Further work revealed signs of separation behaviour – such as shaking when left alone – increased around eight months of age, and was associated with lower obedience at that age. What’s more, the experts also found that in common with humans, female dogs with insecure attachments to their caregivers (characterised by higher levels of attention seeking and anxiety when separated from them) were more likely to reach puberty early. This data provides the first evidence of cross-species impact of relationship quality on reproductive timing, highlighting another parallel with parent-child relationships, although cause and effect remains unclear.
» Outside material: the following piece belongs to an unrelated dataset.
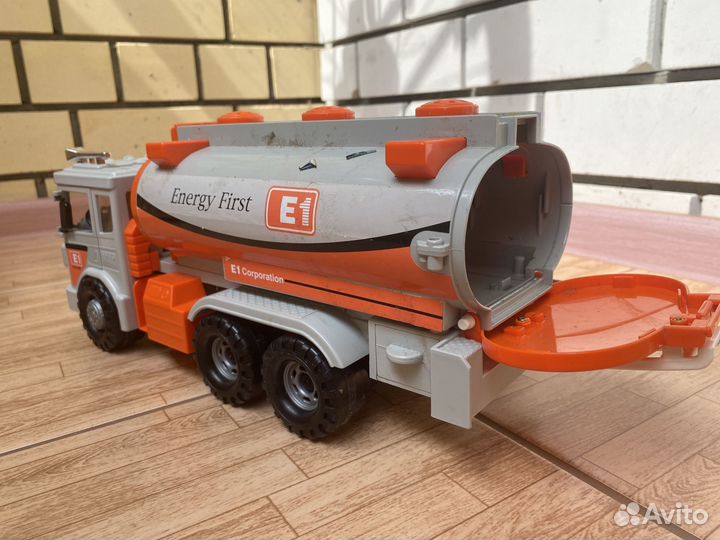 Инерционная машинка-бензовоз Max (Daesung,965-1)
Dr Naomi Harvey, co-author of the research from the University of Nottingham’s School of Veterinary Medicine and Science, says that whilst the results of this study may not come as a surprise to many dog owners, it has important consequences.

“Many dog owners and professionals have long known or suspected that dog behaviour can become more difficult when they go through puberty” says Dr Harvey. “But until now there has been no empirical record of this. Our results show that the behaviour changes seen in dogs closely parallel that of parent-child relationships, as dog-owner conflict is specific to the dog’s primary caregiver and just as with human teenagers, this is a passing phase.”

Dr Claudia Fugazza of the Eötvös Loránd University in Hungary, who was not involved in the research, said the study is important as there is little work into canine adolescence, but she added the research has limitations, including that much of the work is based on questionnaires, while it is not clear how deep the similarities go between parent and child, and dog and carer when it comes to different styles of attachment, and the mechanisms behind them.

However Sarah-Jayne Blakemore, professor of psychology and cognitive neuroscience at the University of Cambridge described the study as fascinating.

“In humans, adolescence is often associated with increased risk taking, peer influence and conflict with parents. This is probably due to multiple factors including hormonal changes, brain and cognitive development and changes in the social environment,” she said. This research “suggests certain behaviours that we associate with teenagers are not unique to humans.”